Kredi temerrüt takası veya kredi risk primi (CDS), ülkelerin ekonomik ve siyasi gelişmelerine bağlı olarak düşüp yükselebilen bir risk barometresi. Yatırımcıların da yakından izlediği bu gösterge, 14 Mayıs’ta yapılan cumhurbaşkanlığı ve milletvekili seçimlerinin ardından sert bir yükseliş gösterdi.
Türkiye’nin 5 yıllık CDS’i seçim öncesinde beş ay aradan sonra ilk kez 500 baz puanın altına inmişti. Ancak seçimin ilk turda bitmemesi ve piyasadaki belirsizlik ortamının iki hafta daha uzaması, CDS’te keskin bir yükselişe sebep oldu.
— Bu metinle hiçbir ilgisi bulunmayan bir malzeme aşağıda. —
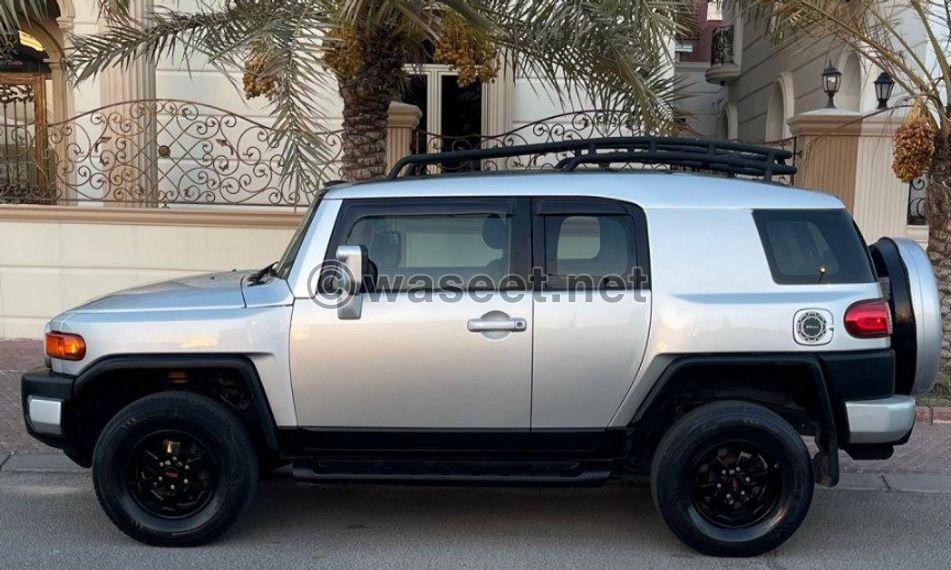 Toyota FJ Cruiser 2010 model for sale 4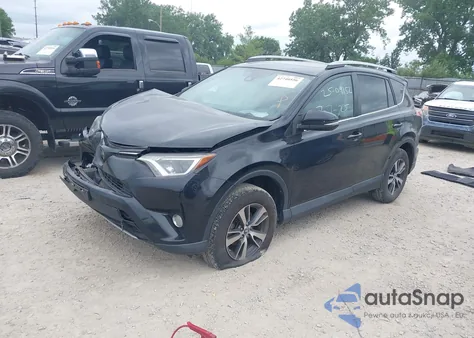 2018 Toyota Rav4 Xle z USA, uszkodzony, nr VIN 2T3RFREV6JW763345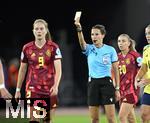 12.07.2025, UEFA Frauen-Europameisterschaft 2025 in der Schweiz. Spieltag 3, Vorrunde, Schweden - Deutschland, im Letzigrundstadion Zrich (Schweiz). Referee Silvia Gasperotti (Italien) zeigt Sjoeke Nsken (Deutschland) die gelbe Karte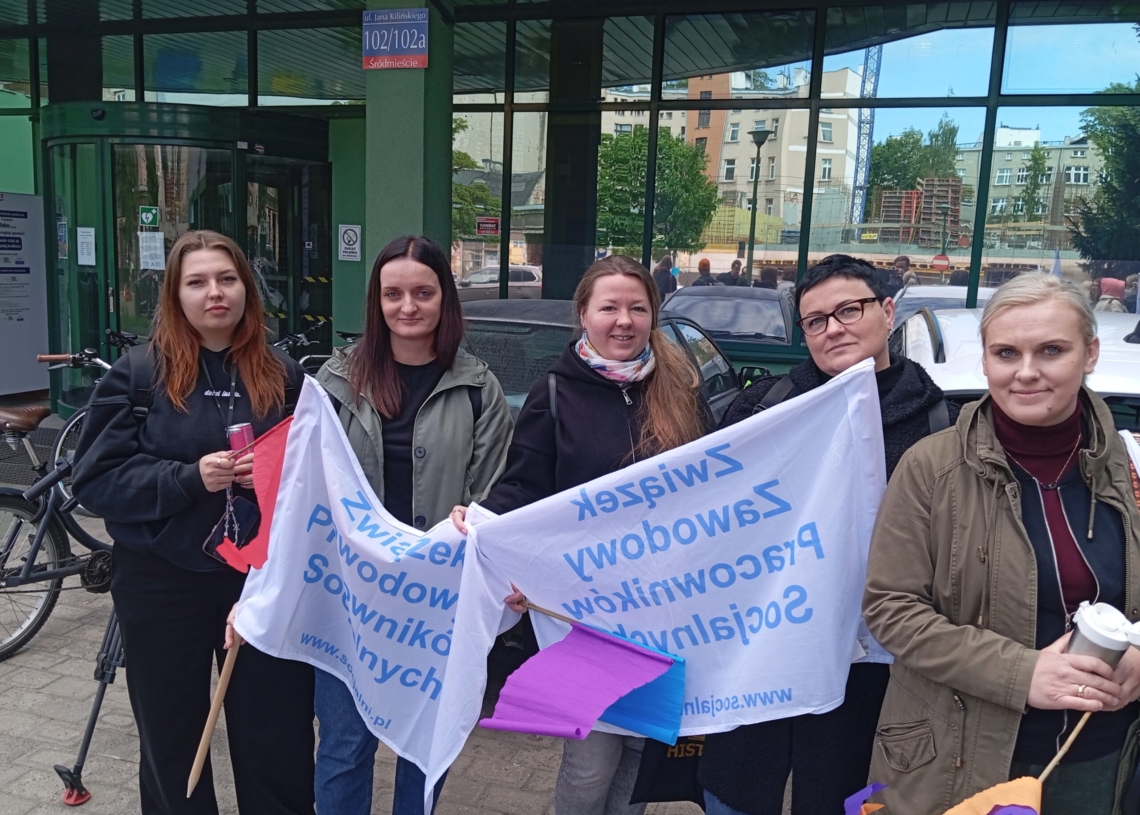 Trwa protest pracowników MOPS Łódź. Sprawa ciągnie się od 2019 r.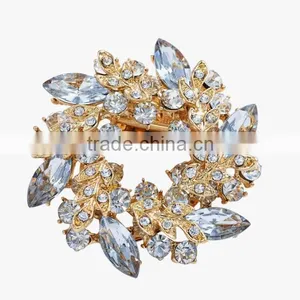 Zm53221a High Quality Fashion Women Flower Alloy Brooch With Gold Plated thumbnail-5
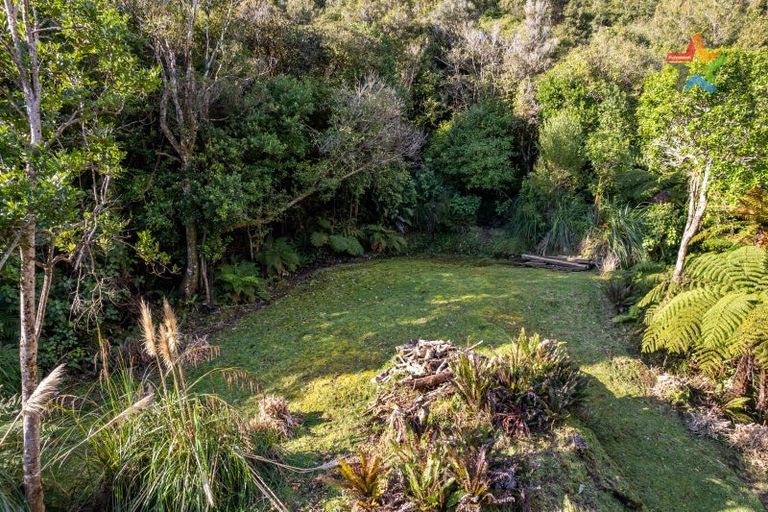 Photo of property in 129 Manuka Street, Stokes Valley, Lower Hutt, 5019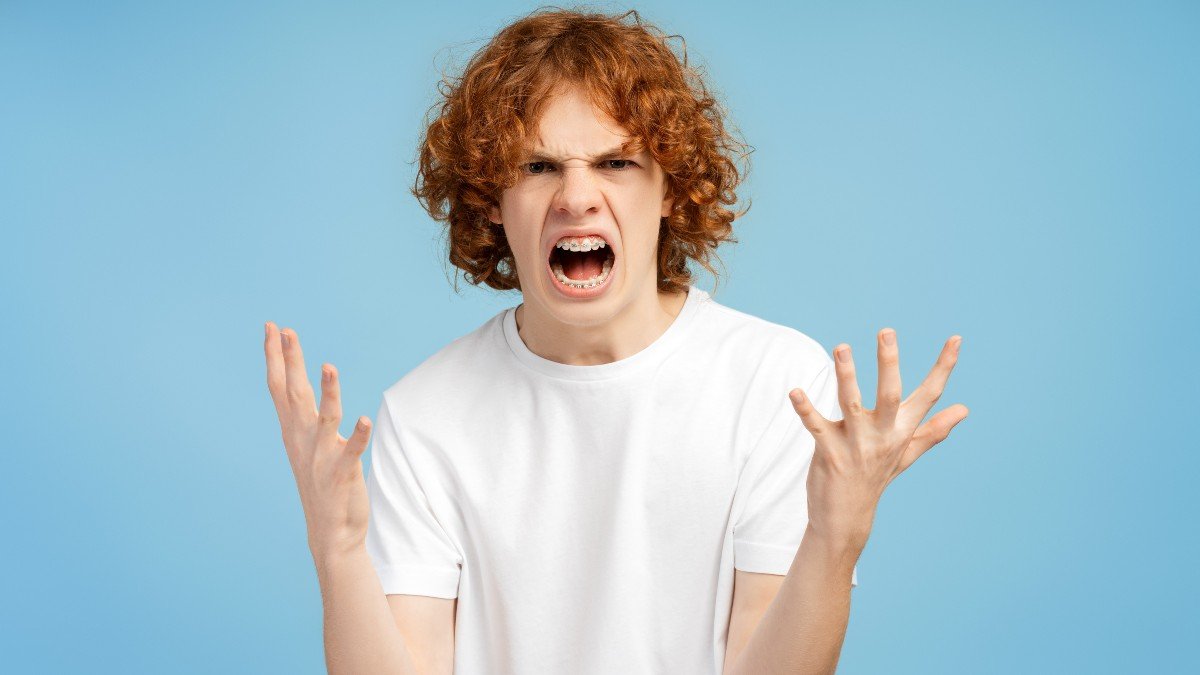 2428444547 angry aggressive teenager jpg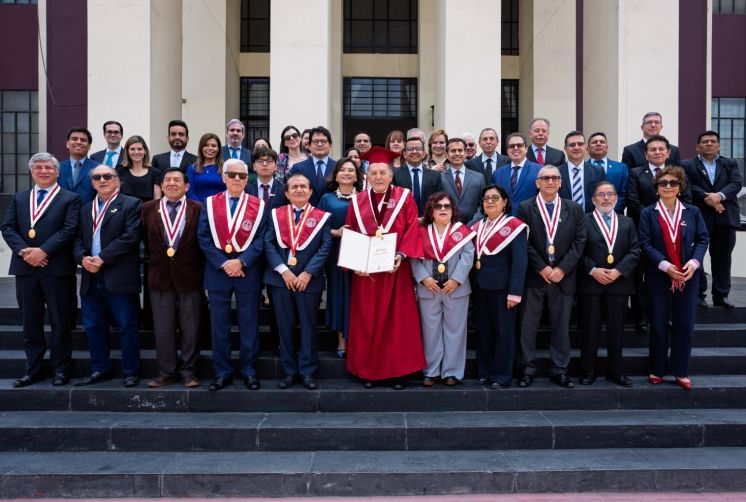 UNI otorga Doctor Honoris Causa a Jorge Rodr&iacute;guez Rodr&iacute;guez, fundador del Grupo Gloria y egresado de la FIIS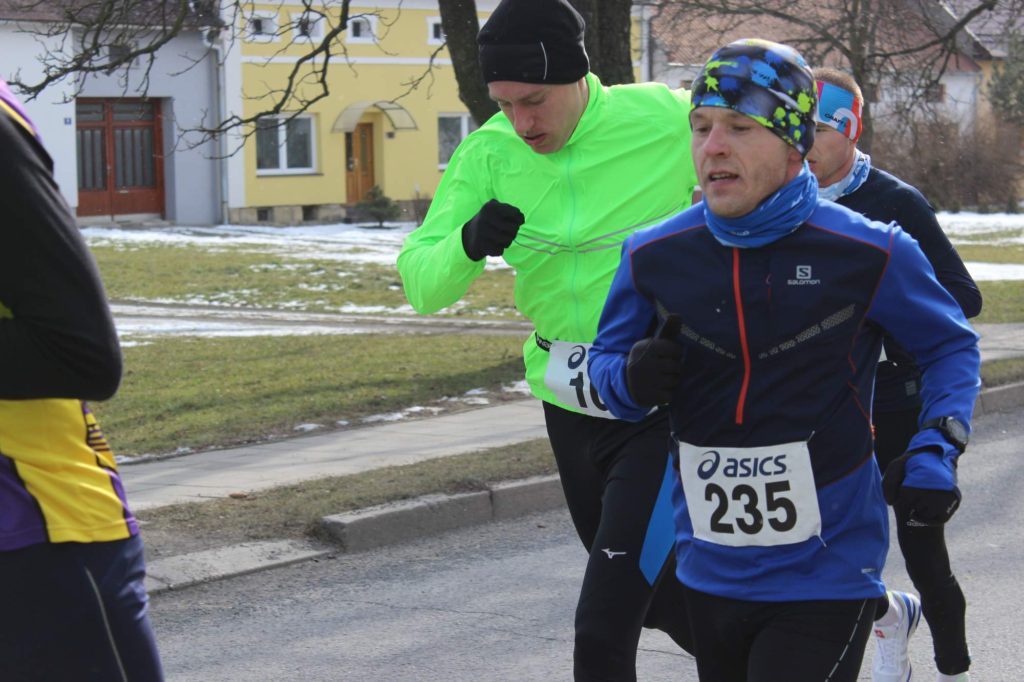 V závěrečných stovkách metrů mě předbíhá skupinka rychlejších běžců.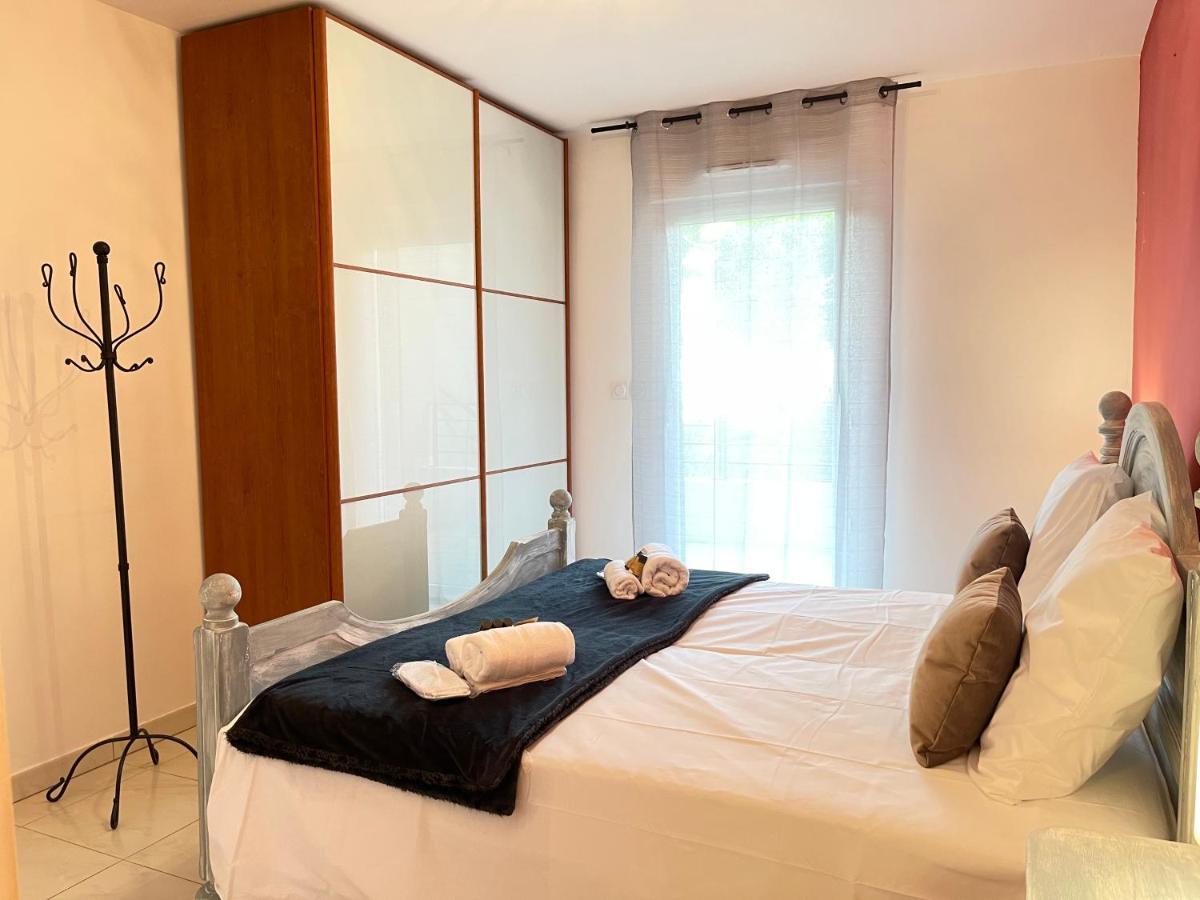 Tres Bel Appartement -Residence Avec Piscine Sur Le Toit Et Vue Panoramique Saint-Raphaël Eksteriør billede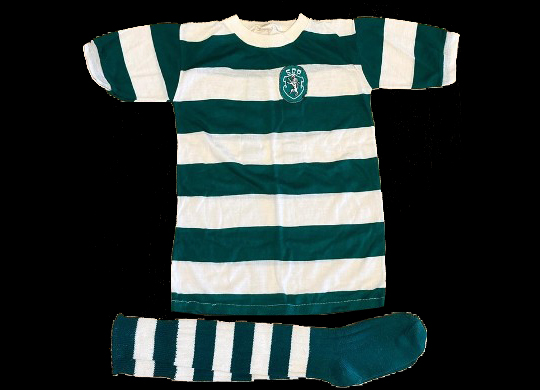1980s. Camisola de crian�a da Loja Verde, anos 1980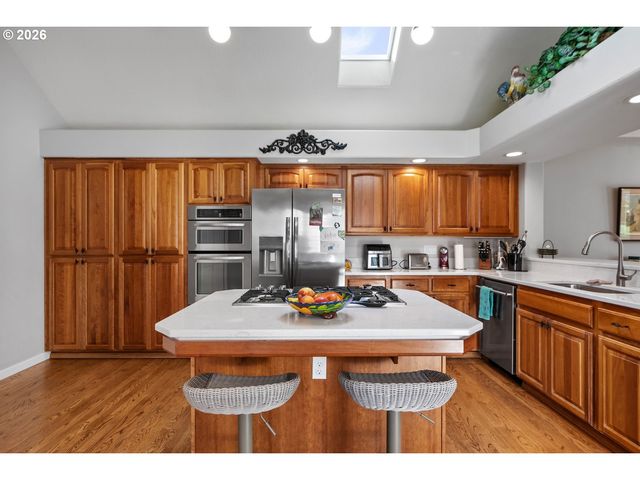 32279 Sw LAKE Dr, Wilsonville, OR 97070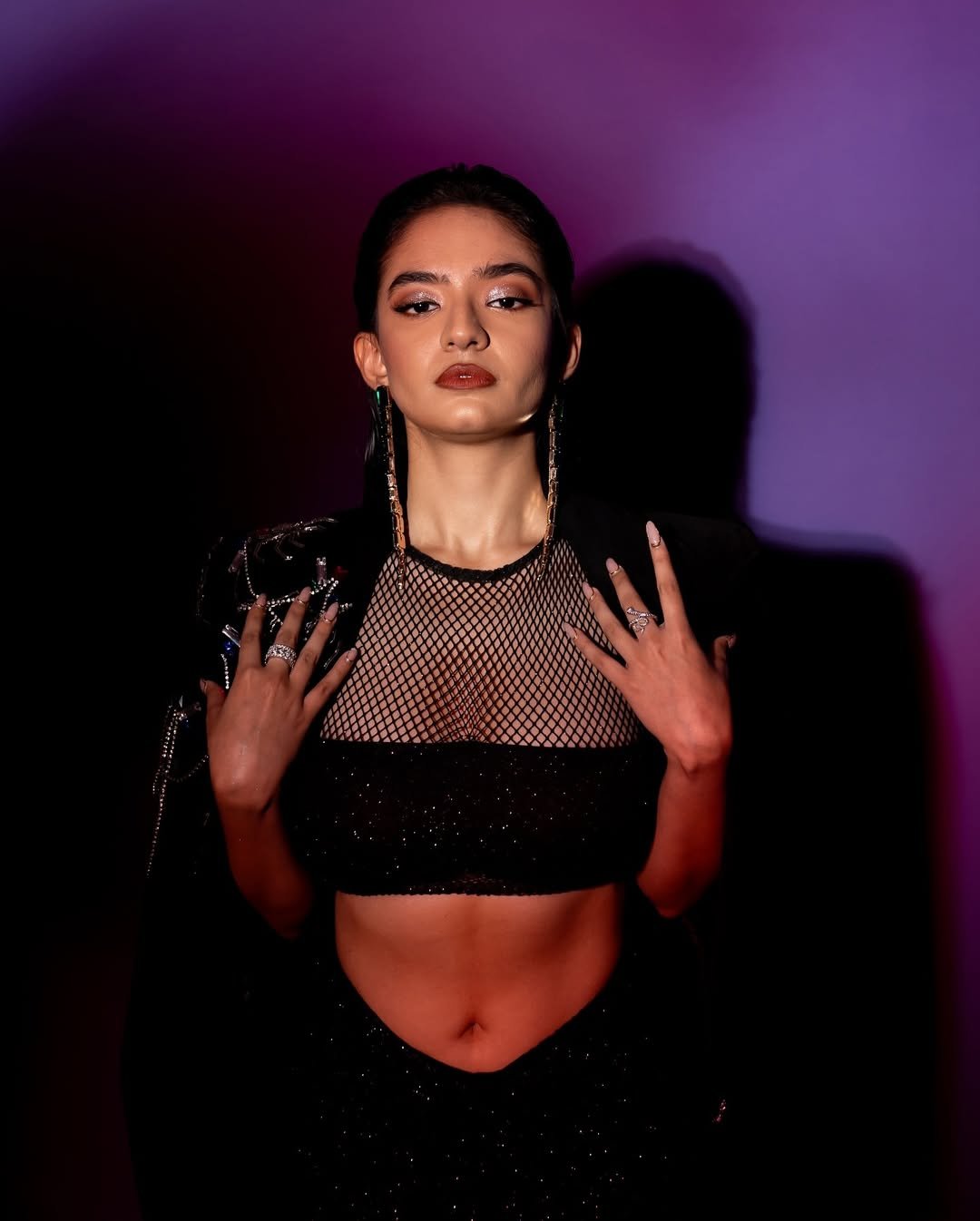 Anushka Sen Statement Glam Embellished Jacket and Fishnet Crop Top (6)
Kritik gösterge hafta başında 700 baz puanın üzerine çıktı. Bloomberg’de yer alan bir habere göre Türkiye Cumhuriyet Merkez Bankası (TCMB), bazı bankaları arayarak ikincil piyasalarda birden fazla vadeye sahip dolar tahvili satın almalarını istedi.
Bu adımla CDS’teki artışının önüne geçmenin hedeflendiği belirtildi. Diğer yandan Bankacılık Düzenleme ve Denetleme Kurumu (BDDK), dün tam olarak neyi kast ettiği açık olmayan bir yazı yayımladı.
Yazıda, “Bazı basın yayın organlarında ve sosyal medyada bankalarımız hakkında beyan edilen bir belge ve bilgiye dayanmayan açıklamalar gerçeği yansıtmamakta olup bu tür mesnetsiz ve gerçeğe aykırı açıklamalara itibar edilmemesi, yayınlarda yer verilmesinin bankacılık mevzuatı çerçevesinde açıkça suç teşkil ettiğinin bilinmesi ve bu açıklamaları yapanlar ve yayanlar hakkında gerekli yasal işlemlerin yapılacağı hususu kamuoyuna önemle duyurulur.” ifadesine yer verildi.
5 yıllık CDS risk primi, bankaların zoraki Eurobond alımlarının ardından şu anda 673 baz puan seviyesinde seyrediyor.